=== WHAT NEEDS TO BE DONE ===
Give back the exact lines of the material below from the one containing "Rihanna in Jeans" through the one containing "Men's White Slim", and no pictures.

=== ENTRIES PROVIDED ===
▽

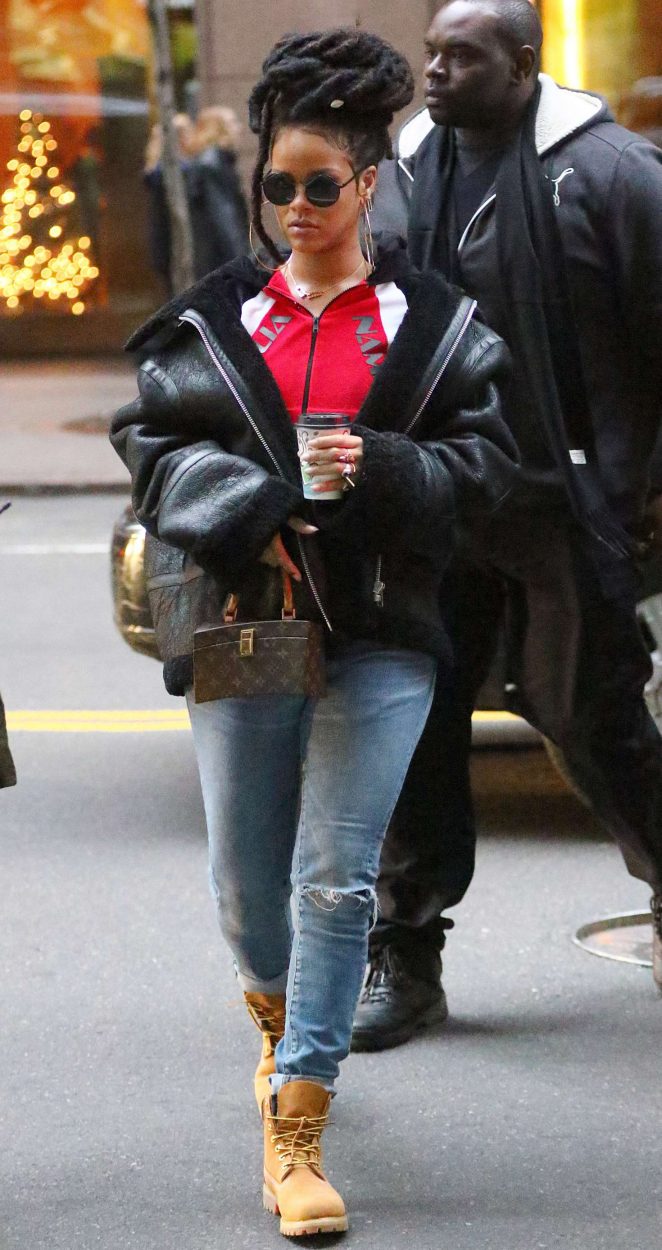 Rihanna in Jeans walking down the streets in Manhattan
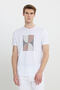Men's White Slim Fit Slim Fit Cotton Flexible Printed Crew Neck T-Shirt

△
▽

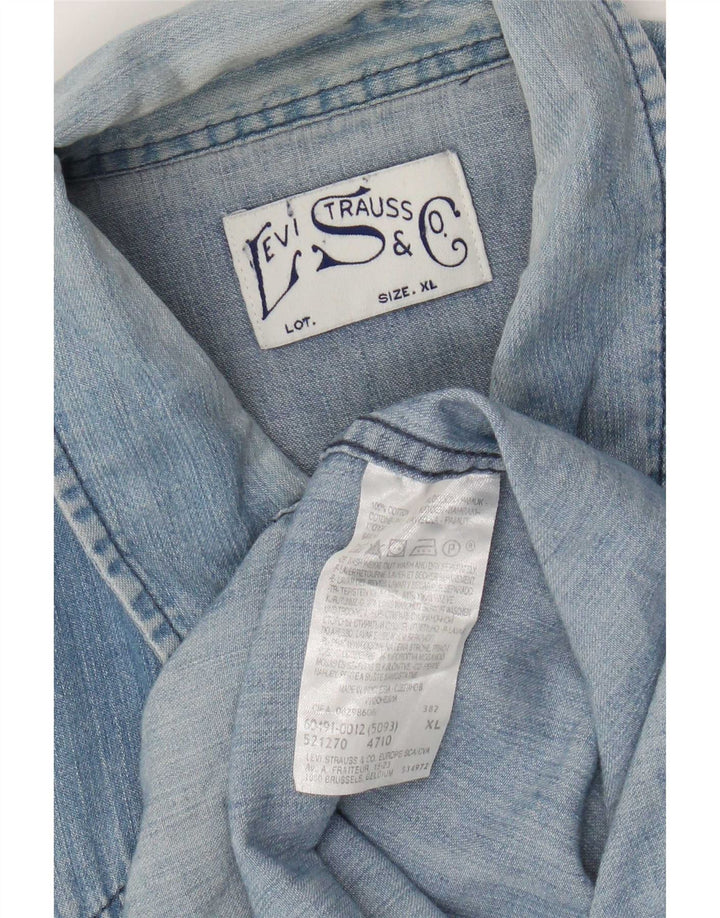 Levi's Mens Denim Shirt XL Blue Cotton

△

=== EXPECTED ANSWER ===
 Rihanna in Jeans walking down the streets in Manhattan
Men's White Slim Fit Slim Fit Cotton Flexible Printed Crew Neck T-Shirt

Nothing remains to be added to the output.